Repeat each entry as written and leave the images out of the copy.

### [Saved entries]
——————————

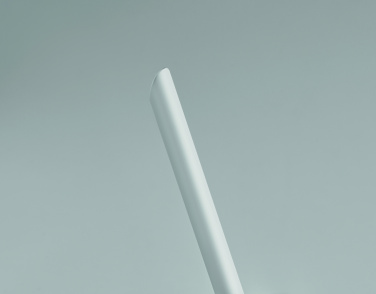 Logo trade ärikingid foto: Kauakestev tindita pliiats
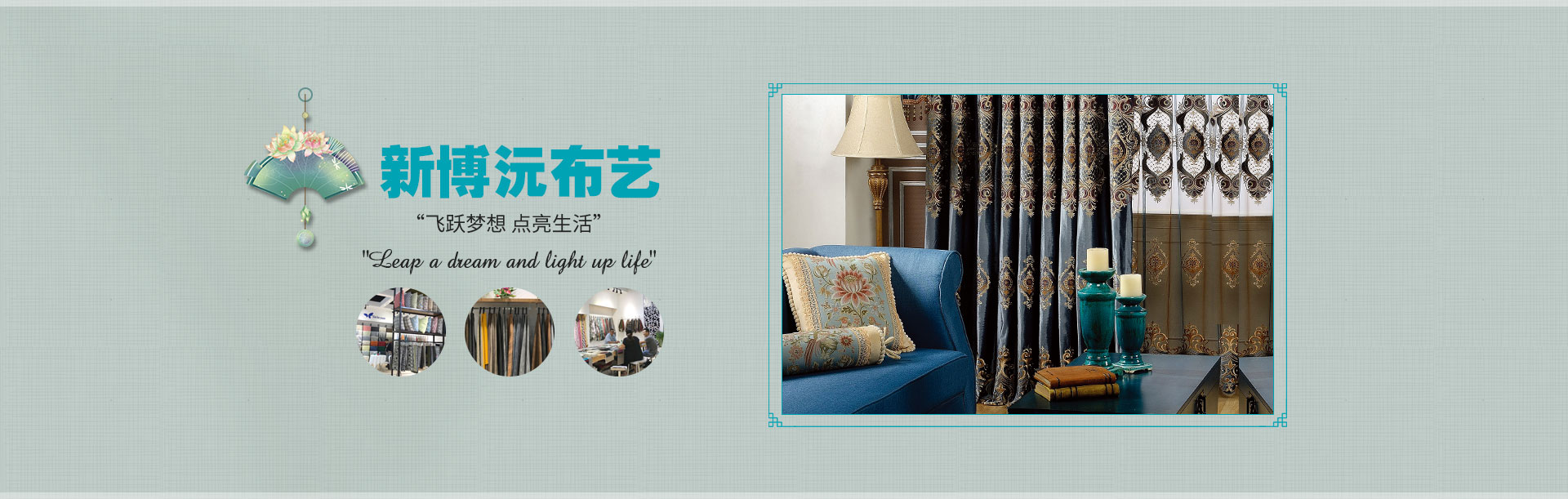 天門市雙糧機(jī)械制造有限公司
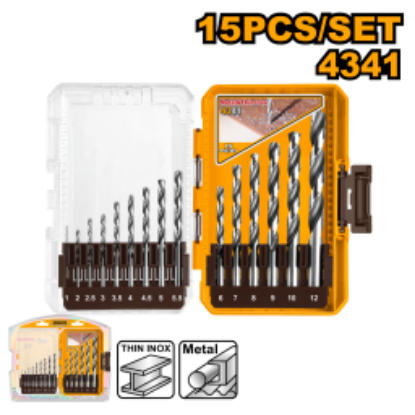 AKDL51506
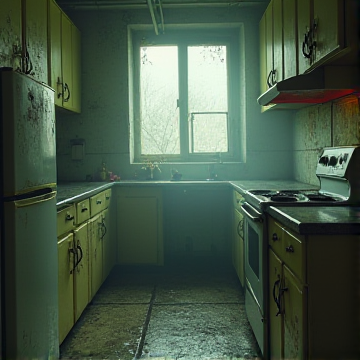 Bitlo.ru - Встал я утром — чай остыл,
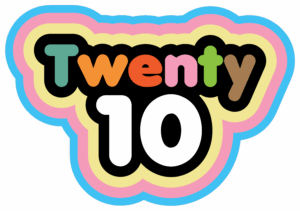 The Twenty-Ten Association Incorporated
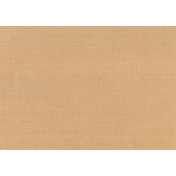 Итальянские обои Jannelli & Volpi, коллекция 452 Misaki, артикул 6115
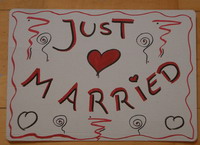Just_married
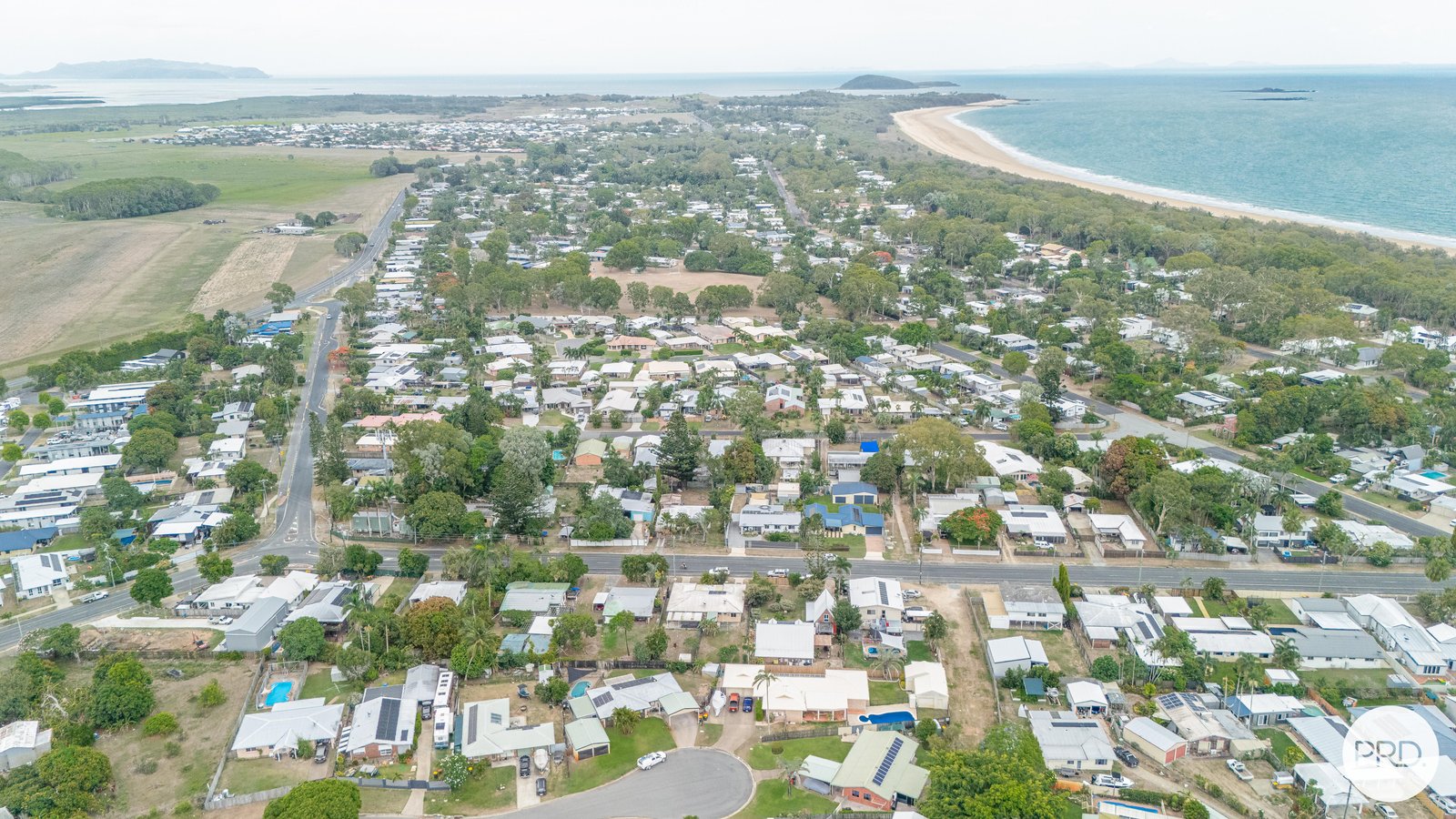 24 Downie Avenue BUCASIA 29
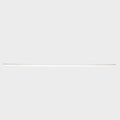 Wellcraft Boat Rigid Trim Molding 1 x 36 3/4 Inch by Wellcraft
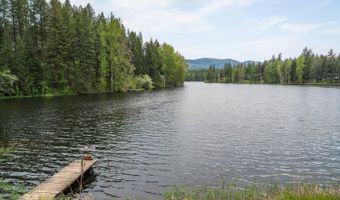 129 Berkshire, Blanchard, ID 83804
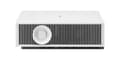 Miniatyrbild 5 av 6: LG CineBeam HU710PW - HU710PW.AEU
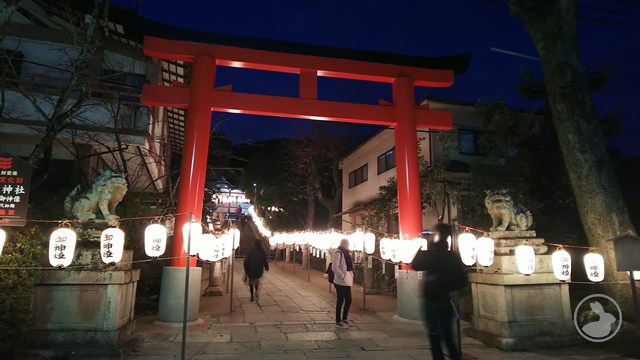 タイトルなし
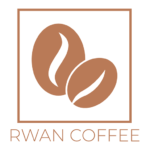 Rwan Coffee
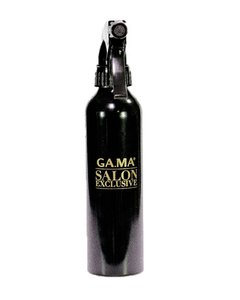 ROCIADOR GAMA SALON EXCLUSIVE X250ML
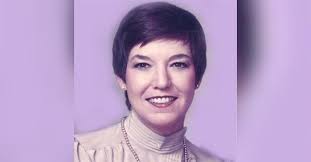 Dorothy Kay Holder Roberts Obituary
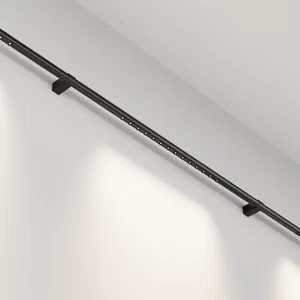 Светильник Technical C101CL-L500-12W3-6K-B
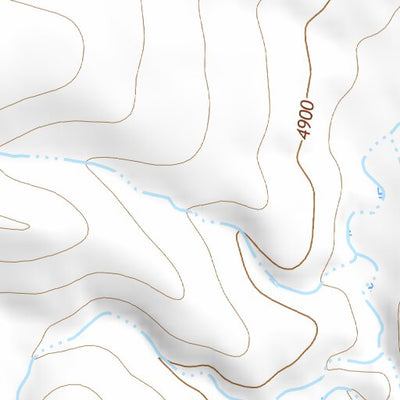 39103NW Page 71 Last Chance Topo Preview 2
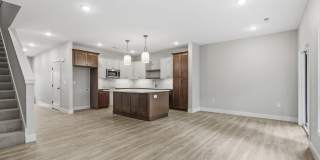 2175 W Parkview Avenue Gallery 14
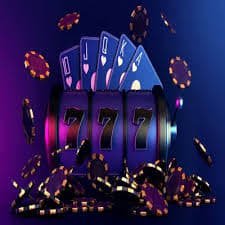 mdl79 Slots Free Spins Bonus Feature မြန်မာ ကစားနည်း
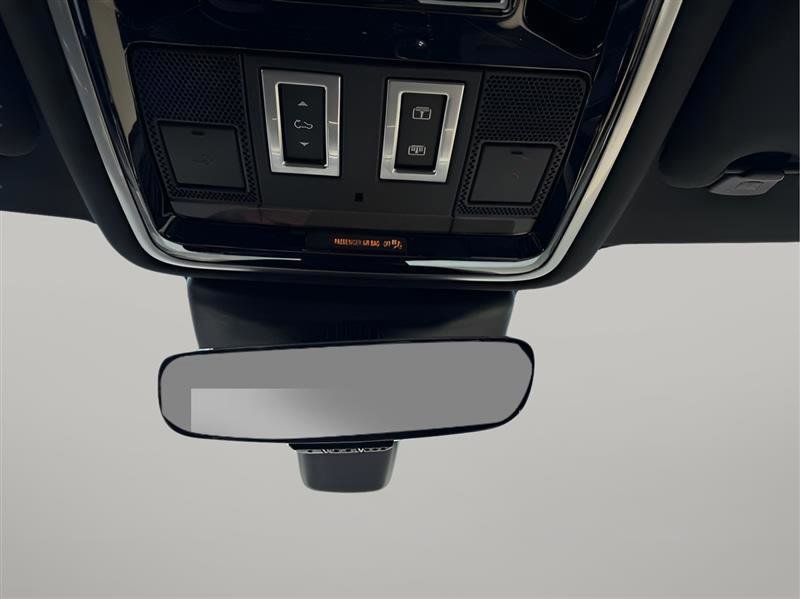 2018 Land Rover Range Rover Velar R-Dynamic SE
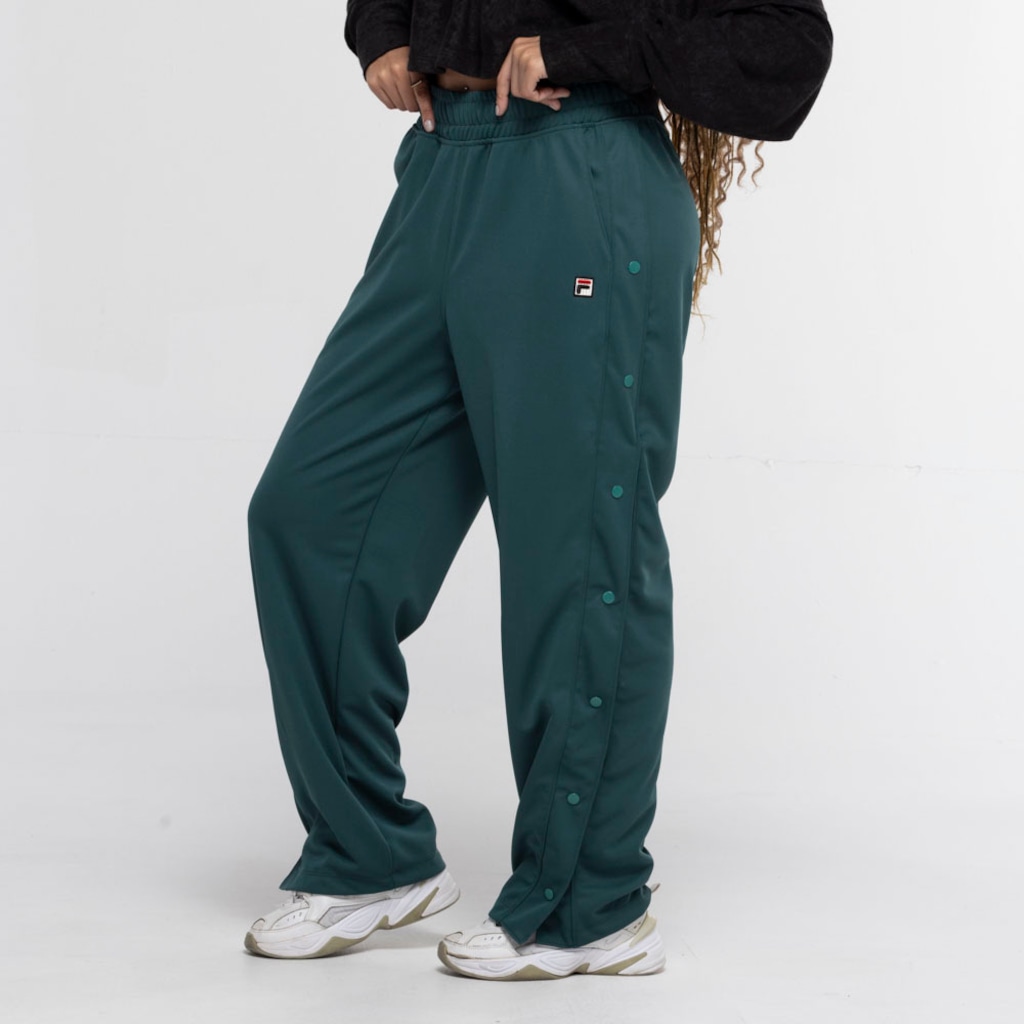Imagem 4 do produto Calça Fila Sportiva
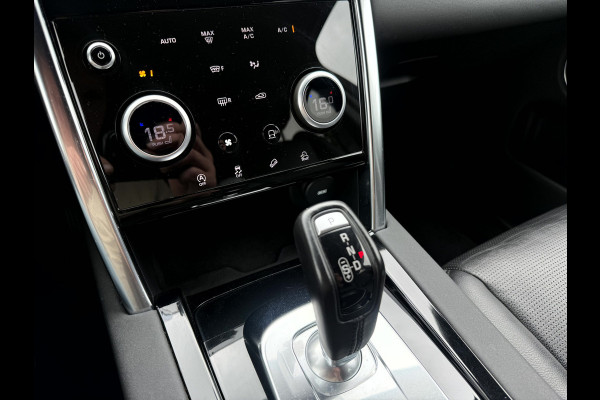 Land Rover Discovery Sport D150 2.0 R-Dynamic S NL. Auto, Navi, 360 Camera, Trekhaak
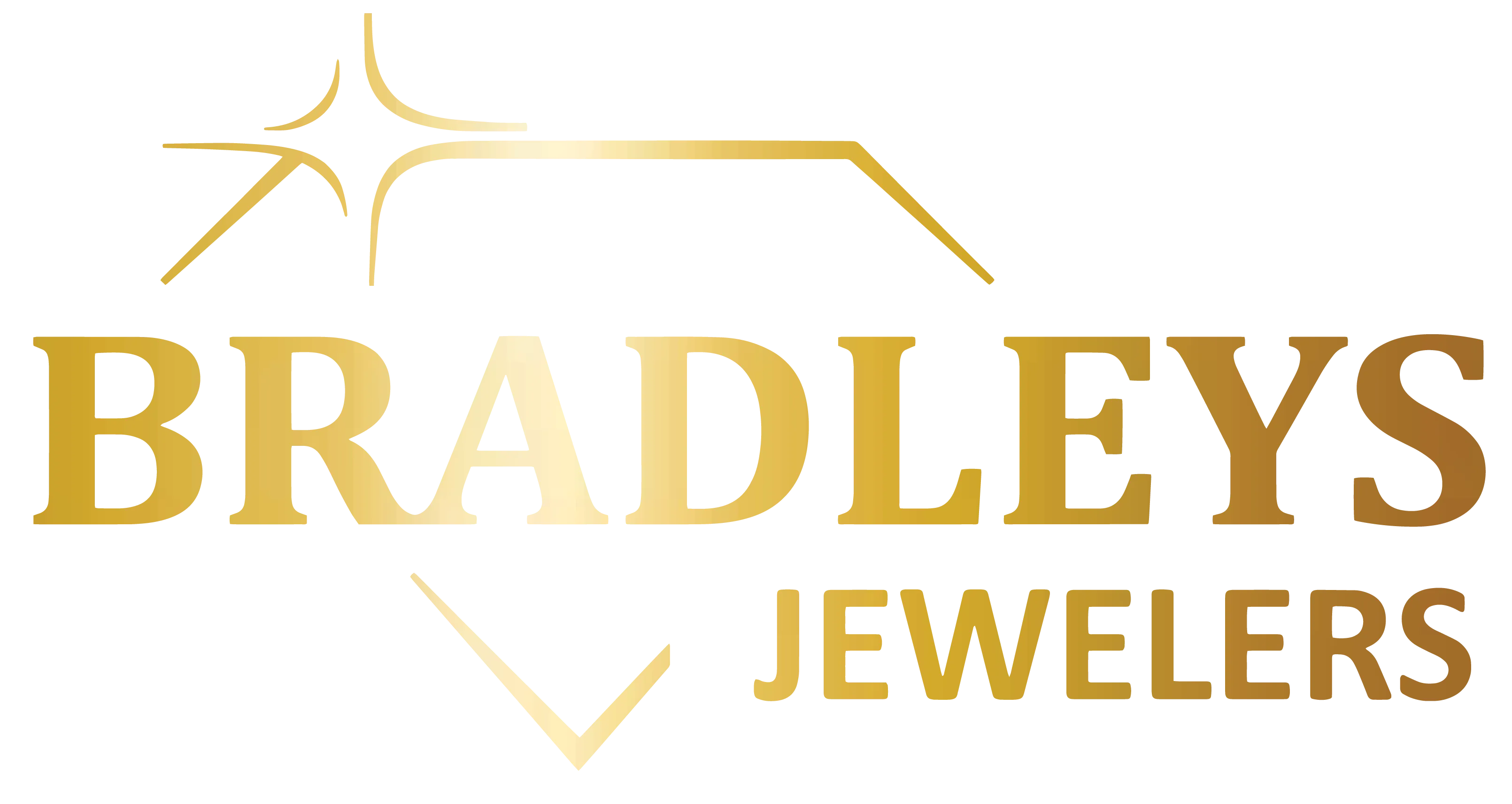 Bradley's Jewelers - Back to homepage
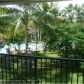 7970 N NOB HILL RD # 208, Fort Lauderdale, FL 33321 ID:6417352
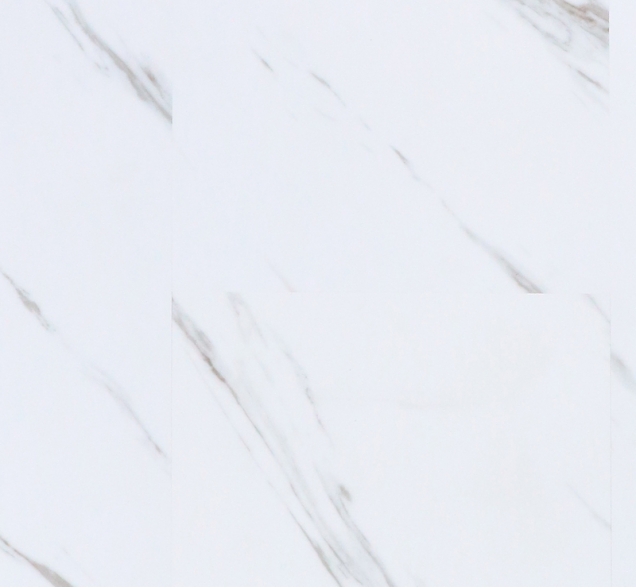 SPC ламинат "CronaFloor" Stone 4V Калакатта (600*300*4 мм) — купить в Краснодаре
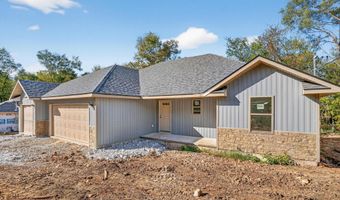 102 Northview Ter, Ash Grove, MO 65604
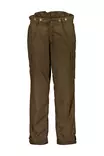 Sasta Wolf Trousers 48 Dark Forest - - - 1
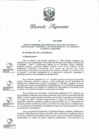 Vista preliminar de documento proyecto-decreto-supremo-reglamento-procedimiento-fiscalizacion-sancion-juego-loterias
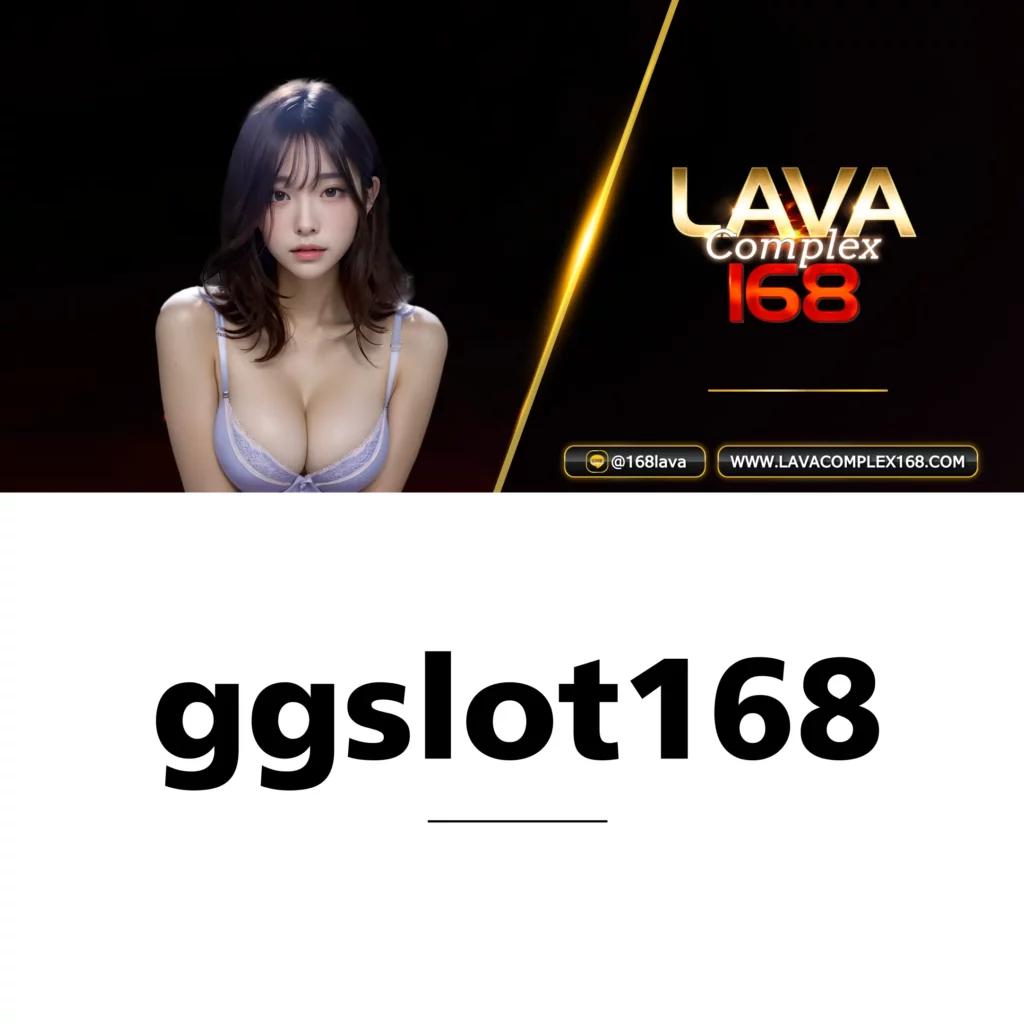 ราคาบอลสด เว็บเดิมพันกีฬาออนไลน์ อันดับหนึ่งในไทย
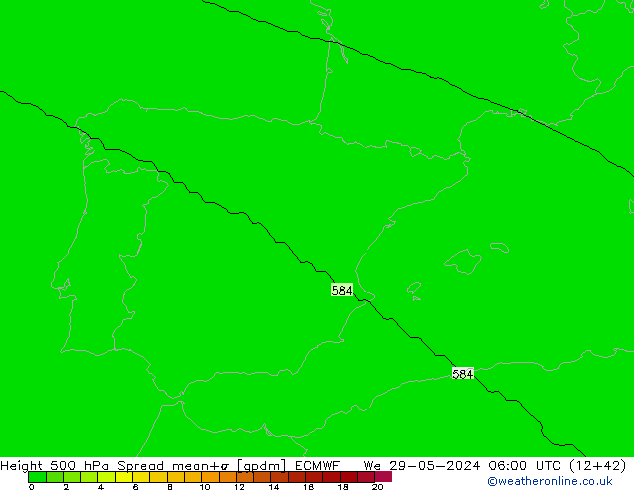  We 29.05.2024 06 UTC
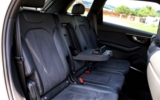 vehicle image #17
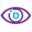 idcity.nl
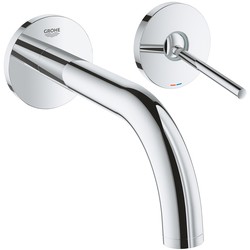 Grohe Atrio Joy 19287 (хром)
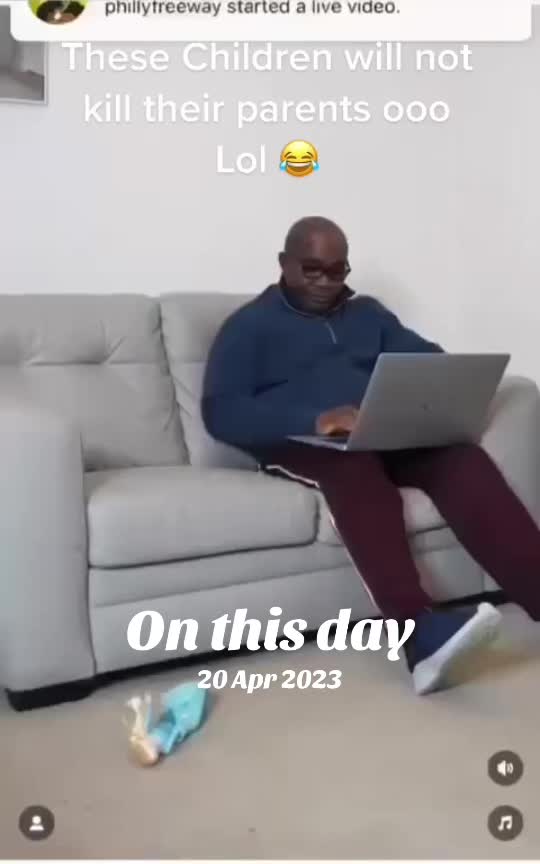 @Nwadiuto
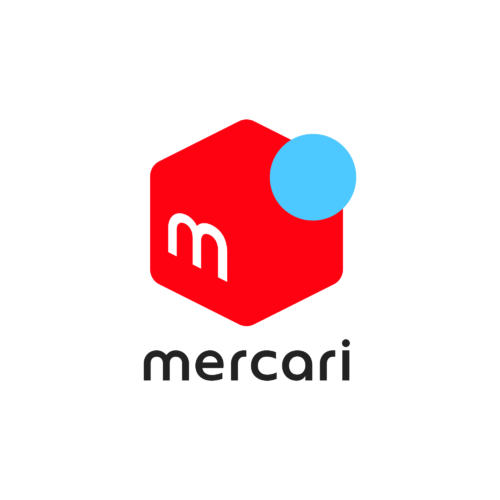 mercari_service_primary_vertical-002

——————————

### [Result]
 Logo trade ärikingid foto: Kauakestev tindita pliiats
 天門市雙糧機(jī)械制造有限公司
 AKDL51506
 Bitlo.ru - Встал я утром — чай остыл,
 The Twenty-Ten Association Incorporated
 Итальянские обои Jannelli & Volpi, коллекция 452 Misaki, артикул 6115
Just_married
 24 Downie Avenue BUCASIA 29
 Wellcraft Boat Rigid Trim Molding 1 x 36 3/4 Inch by Wellcraft
 129 Berkshire, Blanchard, ID 83804
 Miniatyrbild 5 av 6: LG CineBeam HU710PW - HU710PW.AEU
 タイトルなし
 Rwan Coffee
 ROCIADOR GAMA SALON EXCLUSIVE X250ML
 Dorothy Kay Holder Roberts Obituary
 Светильник Technical C101CL-L500-12W3-6K-B
 39103NW Page 71 Last Chance Topo Preview 2
 2175 W Parkview Avenue Gallery 14
 mdl79 Slots Free Spins Bonus Feature မြန်မာ ကစားနည်း
 2018 Land Rover Range Rover Velar R-Dynamic SE
Imagem 4 do produto Calça Fila Sportiva
 Land Rover Discovery Sport D150 2.0 R-Dynamic S NL. Auto, Navi, 360 Camera, Trekhaak
 Bradley's Jewelers - Back to homepage
 7970 N NOB HILL RD # 208, Fort Lauderdale, FL 33321 ID:6417352
 SPC ламинат "CronaFloor" Stone 4V Калакатта (600*300*4 мм) — купить в Краснодаре
 102 Northview Ter, Ash Grove, MO 65604
 Sasta Wolf Trousers 48 Dark Forest - - - 1
 Vista preliminar de documento proyecto-decreto-supremo-reglamento-procedimiento-fiscalizacion-sancion-juego-loterias
 ราคาบอลสด เว็บเดิมพันกีฬาออนไลน์ อันดับหนึ่งในไทย
  We 29.05.2024 06 UTC
 vehicle image #17
 idcity.nl
 Grohe Atrio Joy 19287 (хром)
 @Nwadiuto
 mercari_service_primary_vertical-002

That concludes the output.